Przedstawicielka amerykańskiego resortu dyplomacji zaapelowała do wszystkich stron konfliktu w Hongkongu o spokój. Podkreśliła, że władze Hongkongu muszą szanować "wolność wypowiedzi i pokojowych zgromadzeń", a rząd centralny w Pekinie powinien zgodnie z podjętym zobowiązaniem gwarantować temu regionowi daleką idącą autonomię.

W ocenie rzeczniczki utrzymujące się od tygodni antyrządowe demonstracje w Hongkongu odzwierciedlają "rozległe i uzasadnione obawy o erozję hongkońskiej autonomii". Jak dodała, "osłabianie autonomii Hongkongu zagraża jego obowiązującemu od dawna specjalnemu statusowi w relacjach międzynarodowych".

Ustawa przyjęta w USA w 1992 roku zapewnia Hongkongowi preferencyjne traktowanie w sprawach handlowych i gospodarczych w stosunku do Chin kontynentalnych. Specjalny status obejmuje m.in. przyznawanie wiz, współpracę organów ścigania i inwestycje.

Wcześniej w środę Departament Stanu USA wydał zalecenie dla podróżnych, do których zaapelowano o "zwiększoną ostrożność w Hongkongu ze względu na niepokoje społeczne".

Reklama

We wtorek prezydent USA Donald Trump napisał na Twitterze, powołując się na dane amerykańskiego wywiadu, że rząd Chin kieruje żołnierzy na granicę z Hongkongiem. Nie wiadomo jednak, czy odniósł się do najnowszego rozwoju sytuacji, czy też do doniesień chińskich mediów z ostatnich dni.
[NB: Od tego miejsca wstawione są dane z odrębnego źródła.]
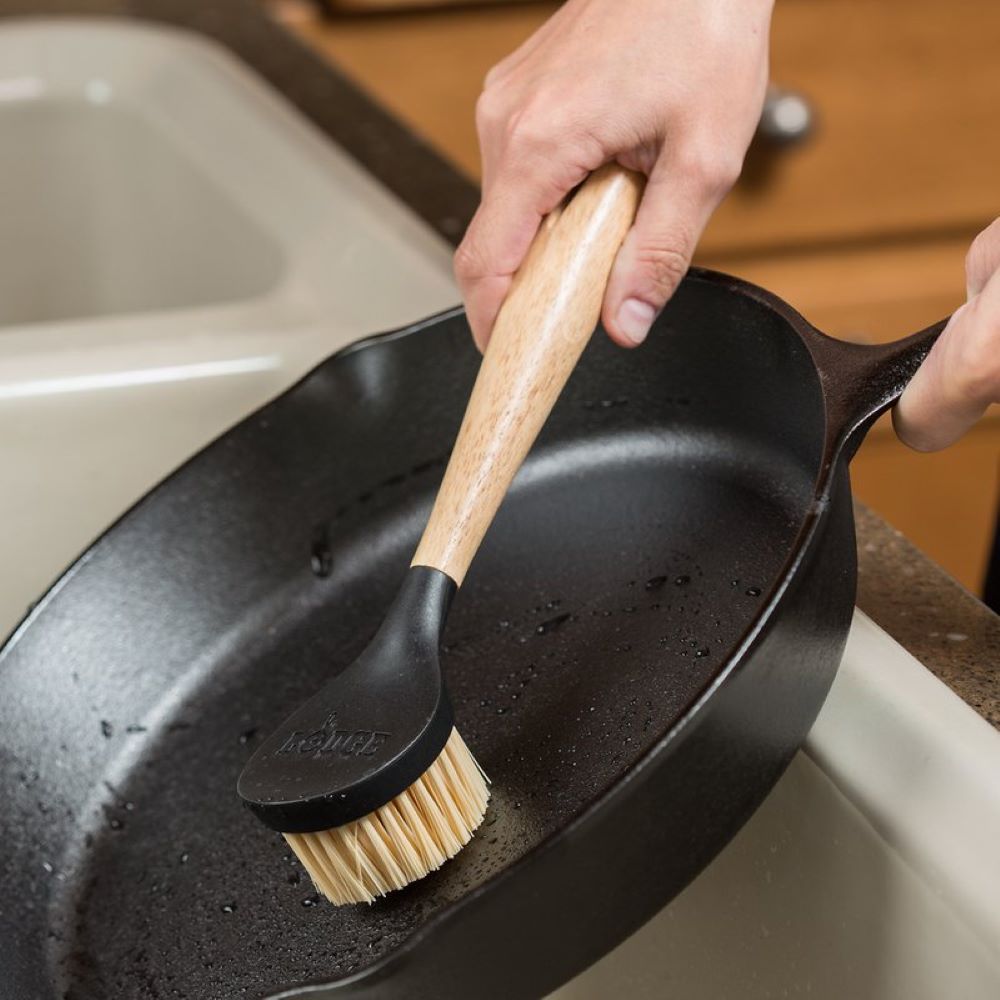 Handheld scrub brush with wooden handle and stiff nylon bristles cleaning seasoned cast iron skillet in kitchenware tools under $50 collection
Informowały one, że Chiny gromadzą policyjne siły paramilitarne, a w chińskim mieście Shenzhen przy granicy z Hongkongiem policja ćwiczyła rozganianie ulicznych demonstracji. Ponadto na początku sierpnia hongkoński garnizon Chińskiej Armii Ludowo-Wyzwoleńczej (ALW) opublikował promocyjny klip, na którym żołnierze ćwiczyli m.in. rozganianie ulicznych protestów.

Nasiliło to obawy, że Pekin może zdecydować się na zbrojną interwencję w Hongkongu, by stłumić tamtejsze protesty.

Agencja Associated Press podała w środę, że zdjęcia satelitarne zdają się ukazywać co najmniej 500 transporterów opancerzonych i innych pojazdów oddziałów zwartych chińskiej policji, zgromadzone na terenie obiektu sportowego w Shenzhen, kilkadziesiąt kilometrów od granicy z Hongkongiem.

Antyrządowe protesty, które od 10 tygodni regularnie przeradzają się w starcia z policją, pogrążyły Hongkong w największym kryzysie politycznym od jego przyłączenia do CHRL w 1997 roku. Protestujący domagają się wycofania projektu nowelizacji prawa ekstradycyjnego, uwolnienia osób zatrzymanych w związku z demonstracjami, śledztwa w sprawie działań policji oraz powszechnych wyborów władz regionu. Szefowa administracji Hongkongu Carrie Lam wykluczyła ustępstwa.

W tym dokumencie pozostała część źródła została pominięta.